■ **ABOUT THIS TASK**:
Below are the entries. Print only the lines starting at the one with "Girls Winter Sports" and ending at the one with "Cylinder Basket - Stitched", exactly, with no pictures.

■ **TASK INPUTS**:
=====

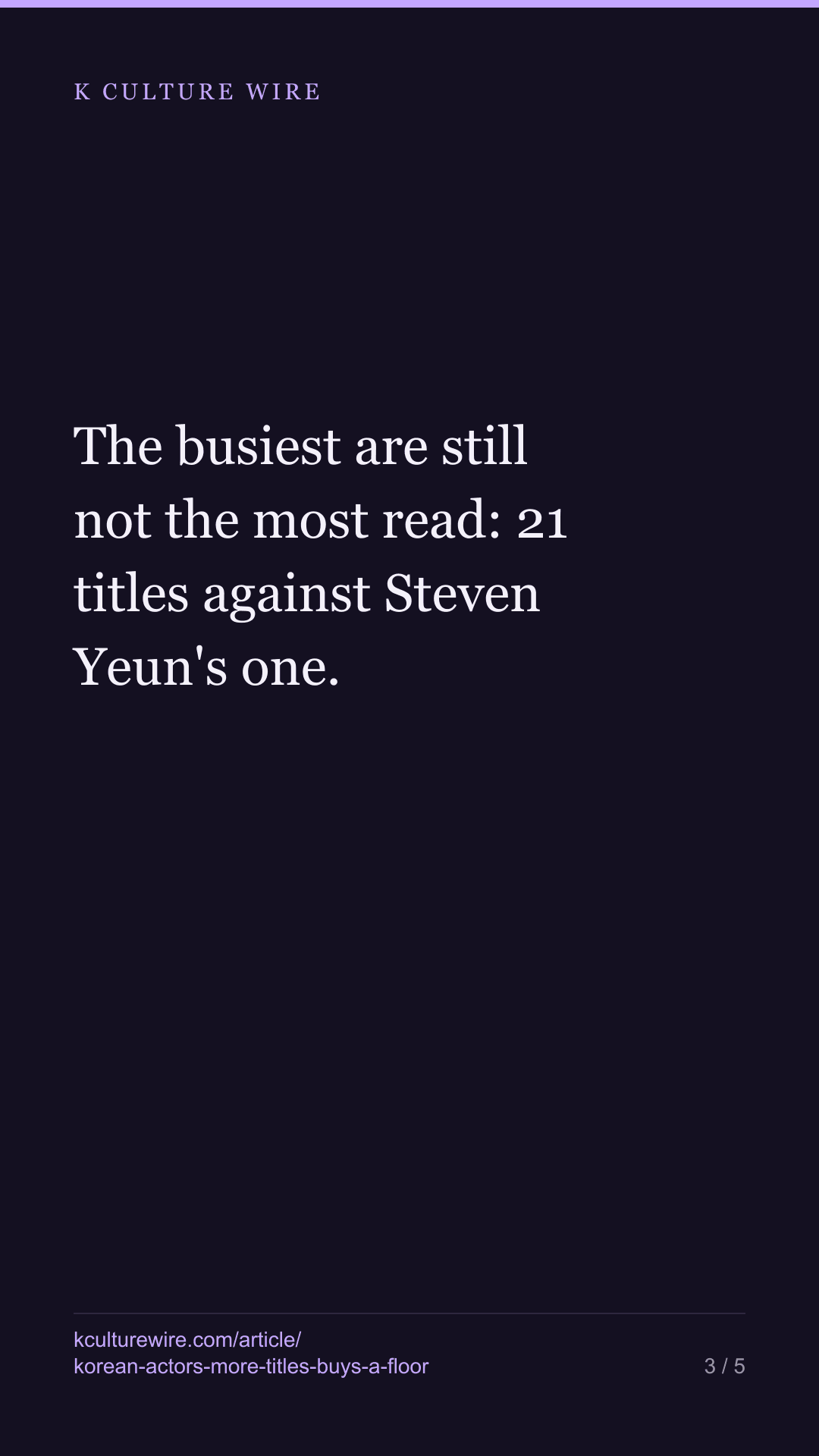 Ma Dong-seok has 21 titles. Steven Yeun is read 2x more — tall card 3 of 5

=====

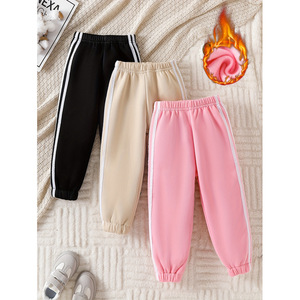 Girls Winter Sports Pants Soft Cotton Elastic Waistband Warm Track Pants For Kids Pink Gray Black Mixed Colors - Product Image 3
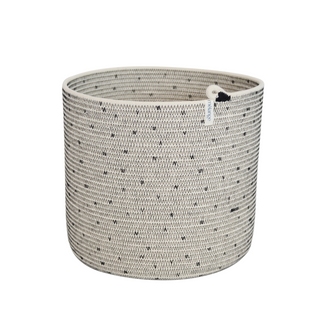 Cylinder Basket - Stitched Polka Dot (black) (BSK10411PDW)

=====

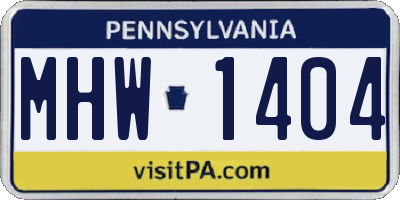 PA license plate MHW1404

=====

■ **OUTPUT**:
 Girls Winter Sports Pants Soft Cotton Elastic Waistband Warm Track Pants For Kids Pink Gray Black Mixed Colors - Product Image 3
 Cylinder Basket - Stitched Polka Dot (black) (BSK10411PDW)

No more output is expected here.